The following article was found in a U.S. newspaper in 2010:
The 91-year-old widow lived by herself in a tumbledown house on a desolate country road. But she wasn’t alone, not really, not as long as she could visit her husband and twin sister. No matter they were already dead. Jean S. simply had their embalmed corpses dug up and stored them at her house — in the case of her late husband, for more than a decade — tending to the remains as best she could until police were finally tipped off last month, much to her dismay. “Death is very hard for me to take,” she told an interviewer.
As state police finish their investigation into a singularly macabre case — no charges have been filed — Jean wishes she could be reunited with James, her husband of nearly 60 years, who died in 1999, and June, the twin who died last October. But their bodies are with the Bradford County coroner now, at least temporarily off limits to the woman who loved them best. District Attorney Daniel Barrett said Tuesday that Jean plans to build a crypt on the property. “If she does that, the bodies will be released for that purpose,” he said. “Otherwise they will be re-interred.”

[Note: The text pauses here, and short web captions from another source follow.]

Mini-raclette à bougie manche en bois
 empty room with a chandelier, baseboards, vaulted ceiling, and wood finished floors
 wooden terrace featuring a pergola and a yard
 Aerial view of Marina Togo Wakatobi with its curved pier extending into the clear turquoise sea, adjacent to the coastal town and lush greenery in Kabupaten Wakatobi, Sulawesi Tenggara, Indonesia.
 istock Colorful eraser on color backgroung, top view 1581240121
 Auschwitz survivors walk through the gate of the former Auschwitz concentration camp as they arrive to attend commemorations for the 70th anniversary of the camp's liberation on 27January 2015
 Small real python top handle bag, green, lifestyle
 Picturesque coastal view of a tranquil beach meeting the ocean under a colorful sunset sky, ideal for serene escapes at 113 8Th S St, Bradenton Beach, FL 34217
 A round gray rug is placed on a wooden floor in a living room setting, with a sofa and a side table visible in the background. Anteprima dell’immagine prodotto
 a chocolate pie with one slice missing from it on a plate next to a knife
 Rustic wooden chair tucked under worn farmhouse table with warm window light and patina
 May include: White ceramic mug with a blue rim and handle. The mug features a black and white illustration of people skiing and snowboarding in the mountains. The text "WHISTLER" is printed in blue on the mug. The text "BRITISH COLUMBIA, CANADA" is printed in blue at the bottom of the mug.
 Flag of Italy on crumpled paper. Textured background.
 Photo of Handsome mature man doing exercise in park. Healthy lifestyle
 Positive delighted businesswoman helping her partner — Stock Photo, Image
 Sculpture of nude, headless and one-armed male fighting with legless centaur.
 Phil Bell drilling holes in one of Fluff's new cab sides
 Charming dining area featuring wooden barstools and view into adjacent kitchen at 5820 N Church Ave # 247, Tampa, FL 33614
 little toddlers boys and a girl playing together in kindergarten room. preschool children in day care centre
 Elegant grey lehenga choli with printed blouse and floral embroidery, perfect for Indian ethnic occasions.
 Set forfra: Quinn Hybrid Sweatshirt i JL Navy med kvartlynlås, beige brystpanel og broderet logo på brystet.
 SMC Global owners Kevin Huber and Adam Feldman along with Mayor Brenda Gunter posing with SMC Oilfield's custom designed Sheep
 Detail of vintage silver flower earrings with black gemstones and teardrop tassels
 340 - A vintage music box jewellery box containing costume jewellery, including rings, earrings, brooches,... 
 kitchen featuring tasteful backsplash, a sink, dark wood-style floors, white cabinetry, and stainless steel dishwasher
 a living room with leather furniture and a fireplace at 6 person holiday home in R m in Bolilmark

From time to time, stories of exhumed bodies are reported, but rarely do those involved offer an explanation. Jean, seeming more grandmother than ghoul, holds little back as she describes what happened. She knows what people must think of her. But she had her reasons, and they are complicated, a bit sad, and in their own peculiar way, sweet [says the journalist]. Dressed smartly in a light blue shirt and khaki skirt, silver hoops in her ears, her white hair swept back and her brown eyes clear and sharp, she offers a visitor a slice of pie, then casts a knowing look when it’s declined. “You’re afraid I’ll poison you,” she says.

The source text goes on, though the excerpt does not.